YOUR OBJECTIVE>
Exactly as they appear below, repeat the lines from the one with "Used 2023 Ford" through the one with "Mac Mini M2 8GB 256GB - Apple 2023 - Foto 2". Drop every picture.

TASK MATERIAL>
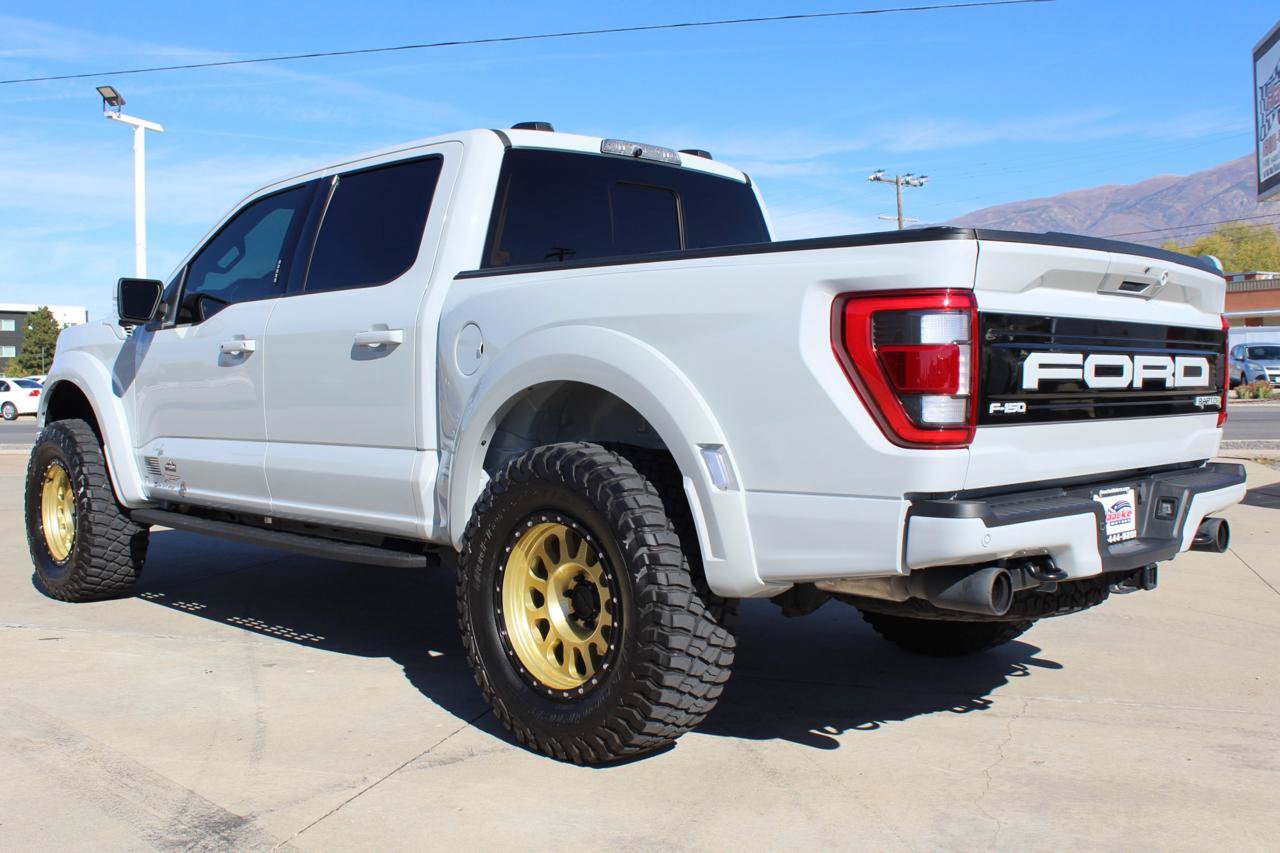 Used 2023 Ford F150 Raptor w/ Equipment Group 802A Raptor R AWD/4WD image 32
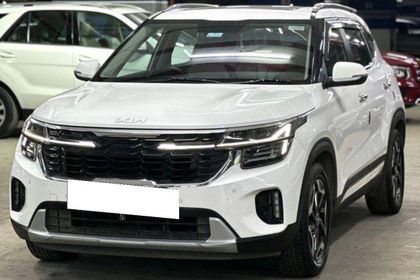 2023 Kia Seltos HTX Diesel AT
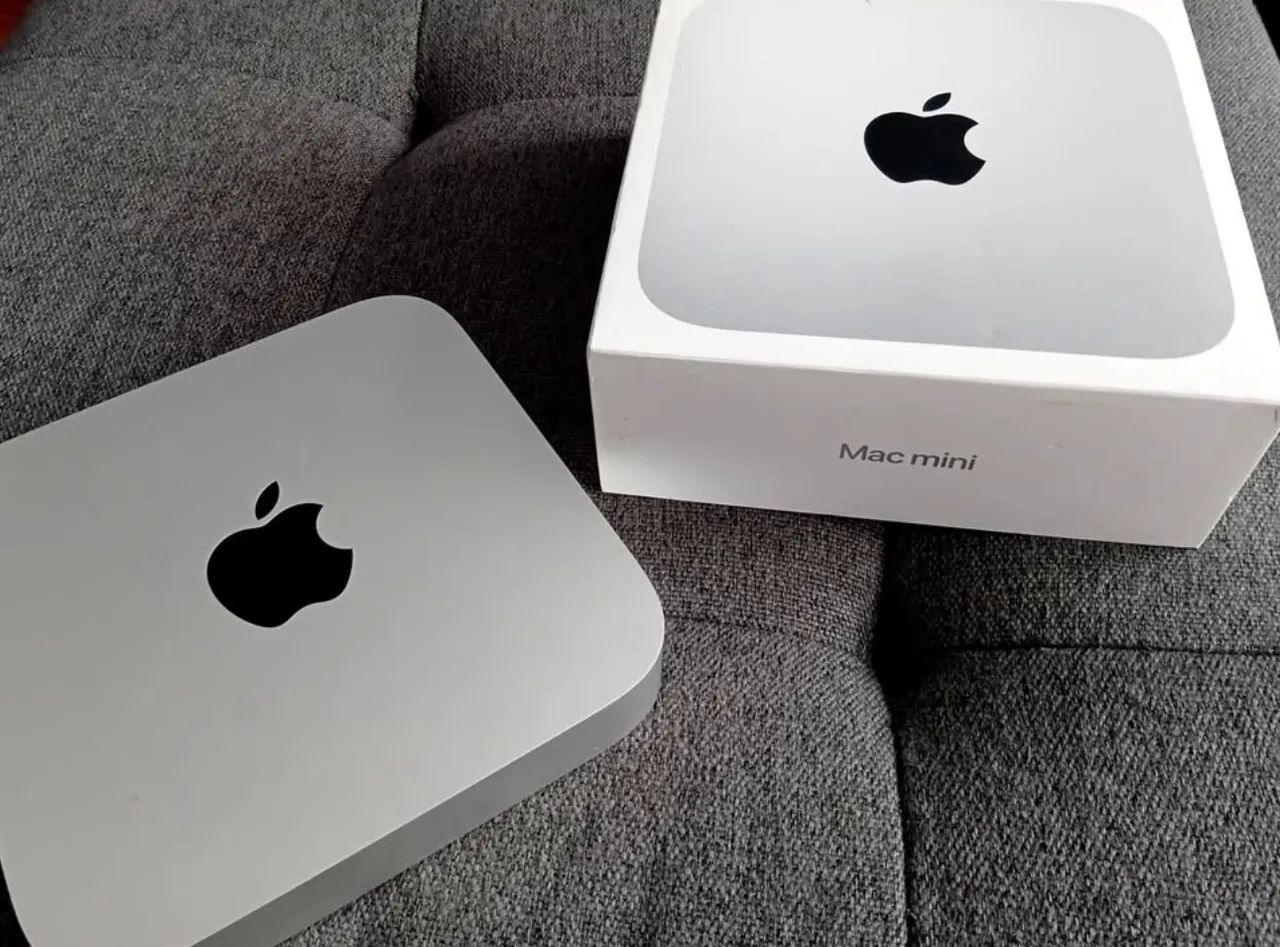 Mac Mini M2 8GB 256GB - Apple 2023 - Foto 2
* * *
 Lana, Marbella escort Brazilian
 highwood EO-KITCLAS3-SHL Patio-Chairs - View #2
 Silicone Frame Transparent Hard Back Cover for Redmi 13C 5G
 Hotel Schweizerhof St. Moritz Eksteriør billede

EXERCISE OUTPUT>
 Used 2023 Ford F150 Raptor w/ Equipment Group 802A Raptor R AWD/4WD image 32
 2023 Kia Seltos HTX Diesel AT
 Mac Mini M2 8GB 256GB - Apple 2023 - Foto 2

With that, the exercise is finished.